“Capstone Parade and Hill. Bands. Free.
Victoria Pavilion. Concerts. Morning and Evening. Free.
Cairn Top. Pleasure Grounds. Free.
Hillsborough Hill Pleasure Grounds. Free.
Hele Bay and Beach. Free.
Chamberscombe and Score Woods. Ideal Picnic Spots. Free.”
There are, however, in this list so many things that, obviously, could not be anything else but free, that the ordinary stranger stands struck with astonishment at the moderation which has not included on the “free” list such items as the Bristol Channel, the air, and the roads. But where so many things are trumpeted as “free,” the suspicious person looks for others that are not; and, sure enough, he discovers them, in—
“Pier, and Lantern Hill. Toll, 2d.
Tors Walks. Toll, 2d.”
It is not, of course, the fault of the local authority that the Tors Walks are subject to toll, for the place is private property; but the fact is especially unfortunate in a place like Ilfracombe, lacking sands or foreshore, except the one tiny beach of Wildersmouth Bay.
Nor can you well bathe in the sea without paying for the “privilege.”
The present circumstances of Ilfracombe are largely conditioned (to use for once a horribly illegitimate verb) by its nearness to the great manufacturing and seaport towns of Bristol and South Wales. Cardiff, Swansea, Barry, are all within easy reach by steamboat, only twenty miles across Channel, and the excursion to Ilfracombe from all these places is a favourite one. At any time in the summer, from four to six very large steamers from these places, lying in the harbour, form a familiar sight, and the “white funnel” and the “red funnel” steamers are very fine, commodious and well-found boats. They bring an immense concourse of people into the town, some to stay, but the majority for only a few hours. Compared, of course, with such places as Margate or Ramsgate, these numbers would not be remarkable, but then you have to remember the difference in the sizes of the respective places. Margate has a reputation for vulgarity. All classes resort there, and so they do here. Ilfracombe has hotels as expensive on the one hand, or as cheap on the other, as you could wish, and, I doubt not, there are cultured visitors to be discovered in them. “Discovered” is, indeed, precisely the word, for they would require some seeking amid the mass. It is the commonest of errors to think vulgarity is the especial attribute of the poorer, or even of the middle classes. It is rather a condition of mind than of pocket, and resides in every social stratum. It is only the snob who thinks the poor are by reason of their poverty, vulgar, or the rich, by favour of their wealth, refined. There are vulgar millionaires and cultured crossing-sweepers, for all the world to see. But the intellectually vulgar seem to select Ilfracombe, above all places on the North Devon coast, as their habitat. Originally a very delightful place, they are reducing it to their own level, aided and abetted by the local building fury, in which landowners are unwittingly, in destroying the natural beauties of the locality, engaged in the antique game of killing the goose that lays the golden eggs.

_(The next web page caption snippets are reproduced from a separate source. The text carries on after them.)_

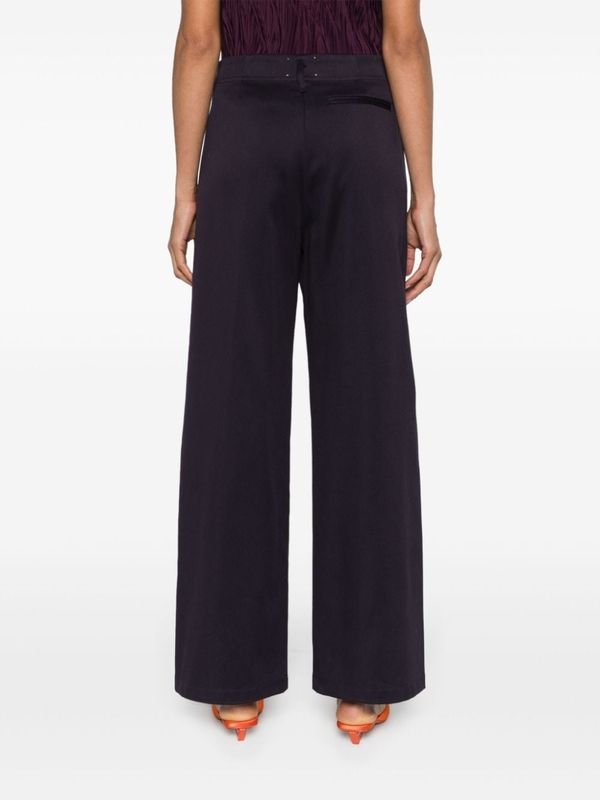 Crop Tailored Pants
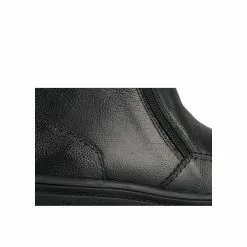 Bottines NOIR MEGIS CASUAL -magasin de chaussures bottines noir megis casual 29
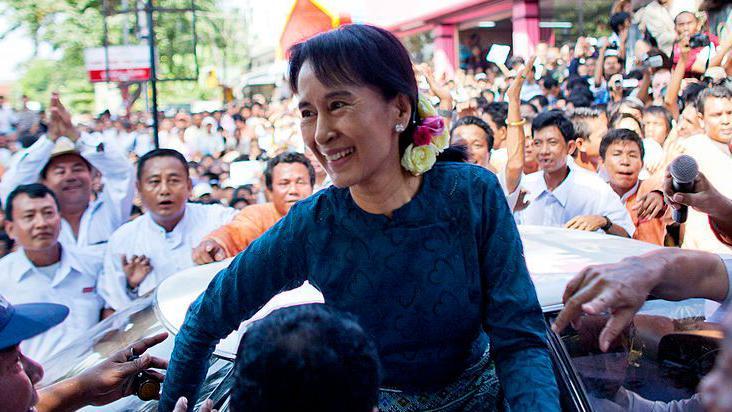 Myanmar’s Lingering Ghost: The Unmaking of a Democracy Icon
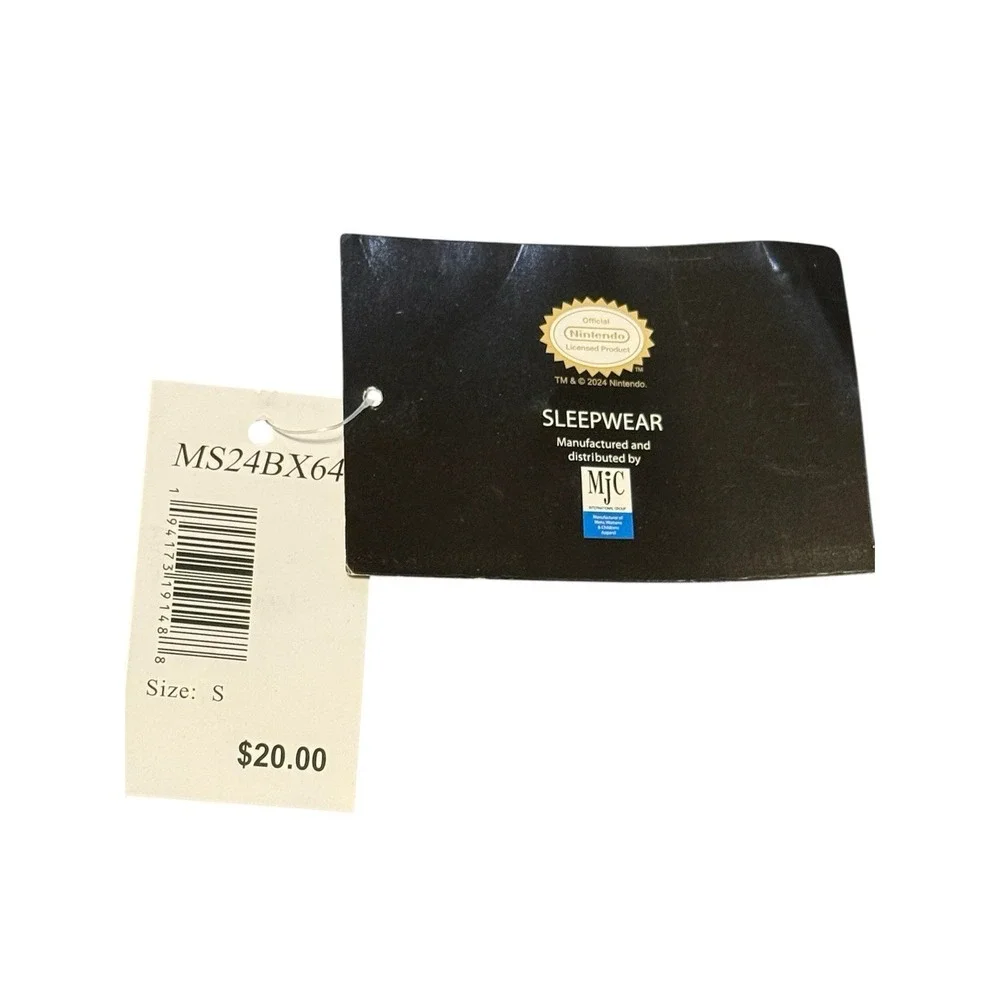 Legends Of Zelda Men's Boxer Briefs Size Small - NWT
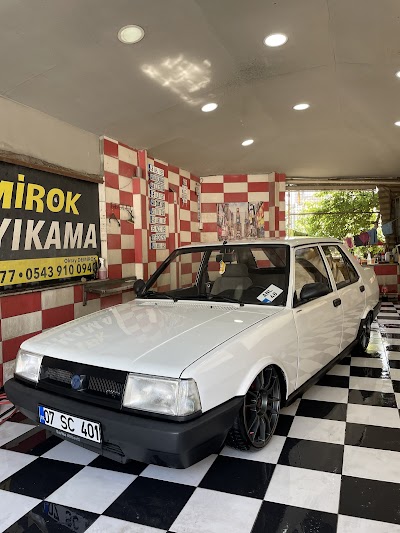 Demirok Oto Yıkama - Oto Servisi
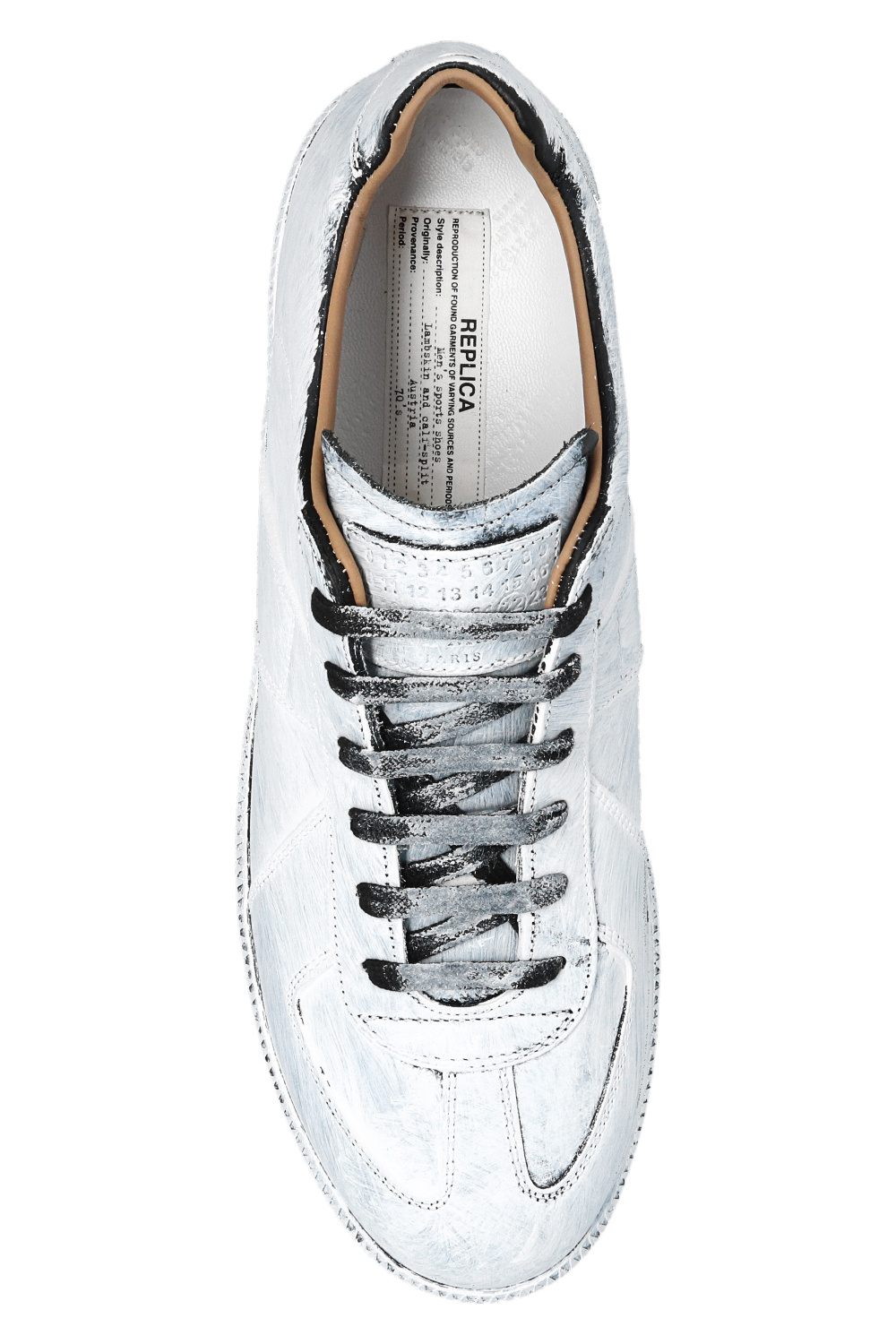 Maison margiela discount replica shoes men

To descend from the language of hyperbole, they are erecting tall terraces of houses on all the outskirts, with the result, already seen, of shutting out the views over sea and cliffs; and with other results, presently to accrue, that the town will be overbuilt and even the vulgarian miss the vanished rustic graces.
It is amusing to note how antipathetic are those who resort by choice to Lynmouth and Clovelly to those others who find in Ilfracombe everything to satisfy them. To make excursion from Ilfracombe to Lynton or Clovelly and back in half a day forms an easy and delightful trip, but to see those places and look upon them with an amused and indulgent eye is sufficient for your typical Ilfracombe visitor. Such an one would consider it impossible to stay there. I heard such a critic describe Lynmouth as an ’ole (or was it “a nole”?). Geographically, of course, she was correct, for Lynmouth, by the seashore, is several hundred feet below the summit of Holiday Hill; but of course we all know that a ’ole (or even a hole) is more, in this conjunction, than a mere geographical expression. It was a term of contempt, in this instance, for a place without open-air concerts and minstrels, a place where you are reduced to amusing yourself; a horrible fate when you find yourself so empty of entertainment to yourself. Per contra, those who stay by choice at Clovelly and Lynmouth, and adventure for half a day to sample Ilfracombe, have been known to describe it, in their way, as “vulgah.” But, since they cannot stay to see Ilfracombe at night, if they wish to return that day to the place of their choice, they cannot know how vulgar it can be.
This is not to say that Ilfracombe has lacked due recognition. It has been patronised by the most distinguished, and it is in recognition of this fact that what was once the “Britannia” Hotel, down by the harbour, is now nothing less than the “Royal Britannia.”